- **Exercise objective**
Print the records below exactly, from the line containing "جيب نيسان موديل 1983. 2" down to the line containing "Vive Huamantla histórico", both lines included, and omit every picture.

- **Given records**

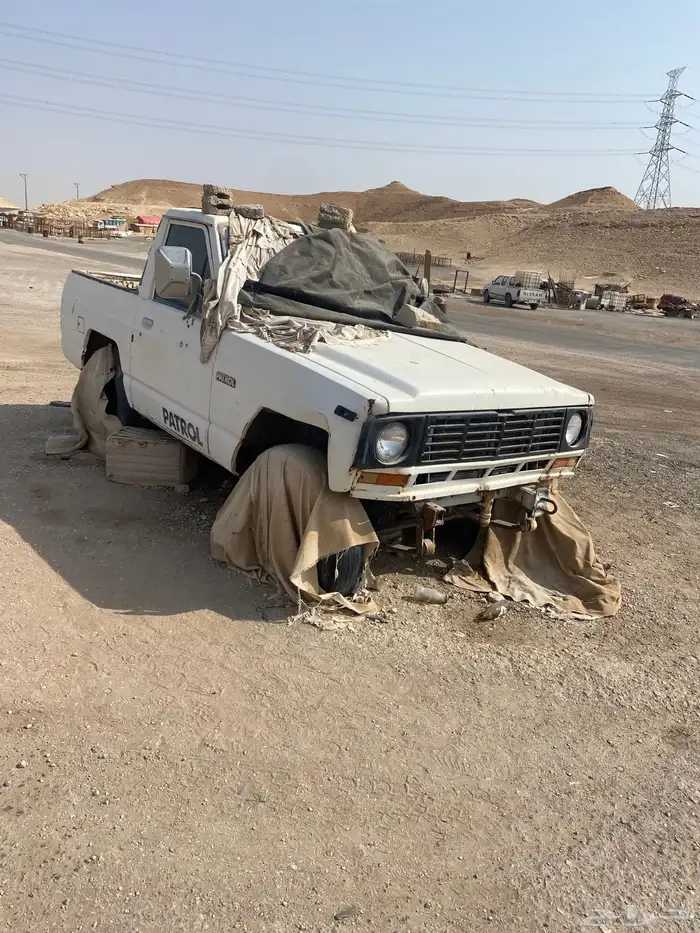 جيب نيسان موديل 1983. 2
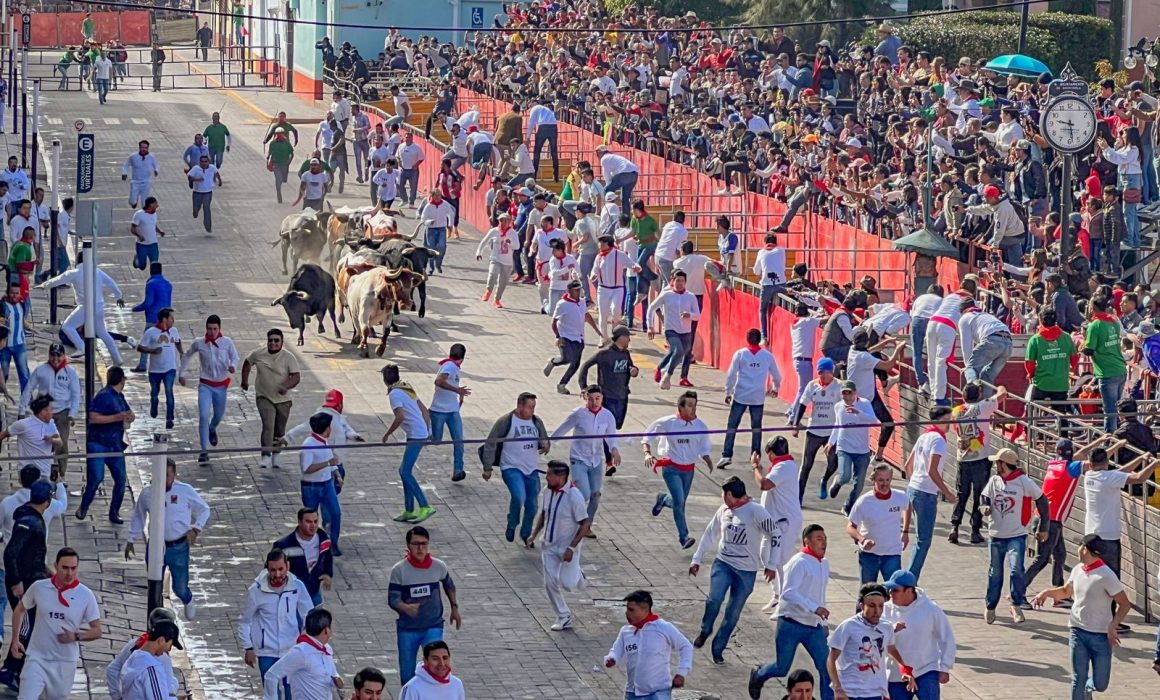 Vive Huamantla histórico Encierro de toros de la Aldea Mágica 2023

--

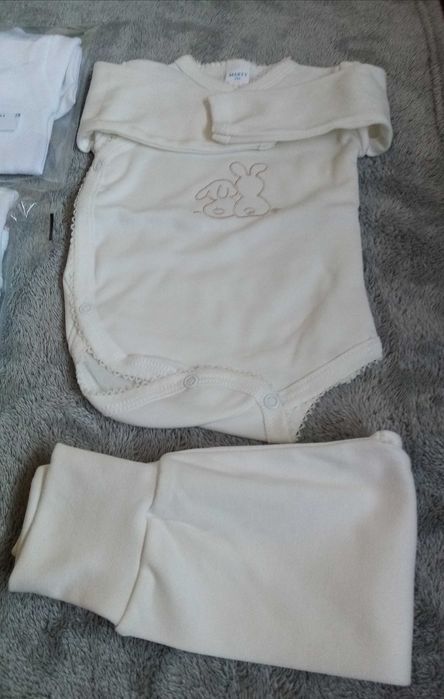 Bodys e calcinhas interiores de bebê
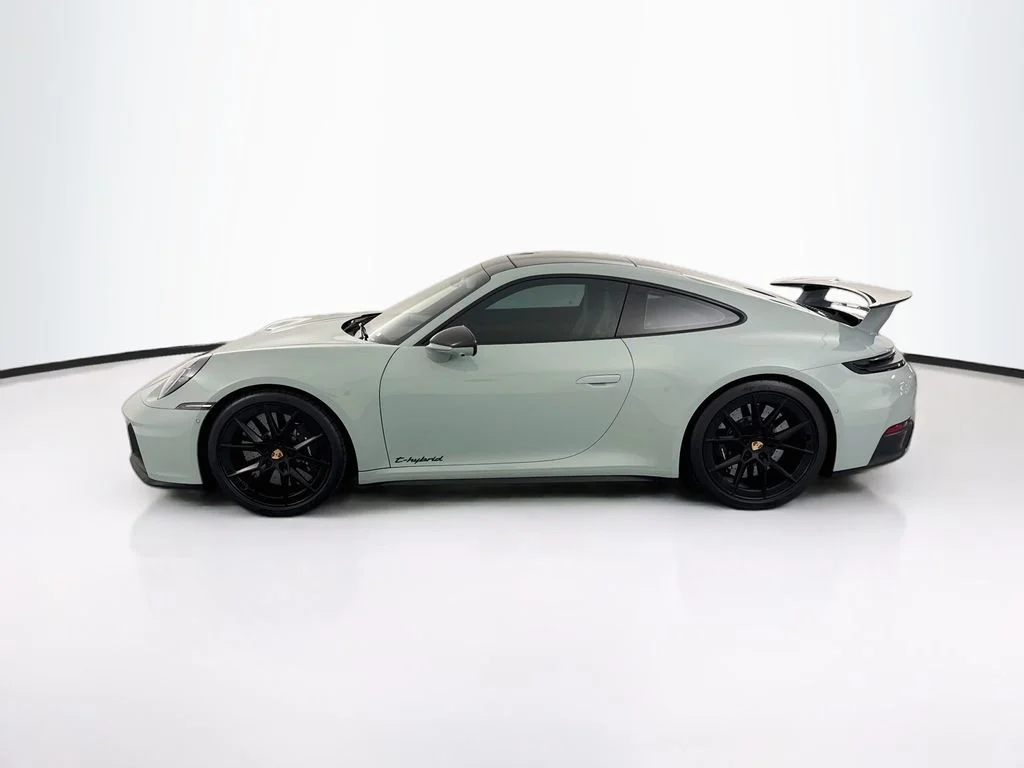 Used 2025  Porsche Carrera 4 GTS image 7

...

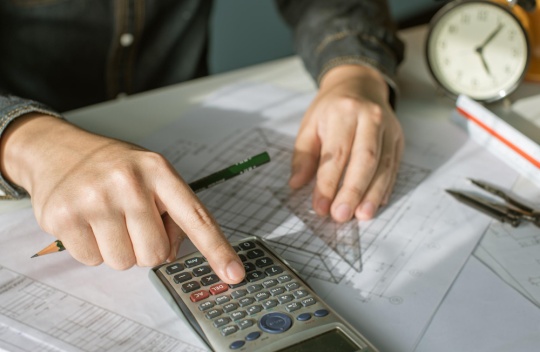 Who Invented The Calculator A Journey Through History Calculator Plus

- **Solution to this exercise**
 جيب نيسان موديل 1983. 2
 Vive Huamantla histórico Encierro de toros de la Aldea Mágica 2023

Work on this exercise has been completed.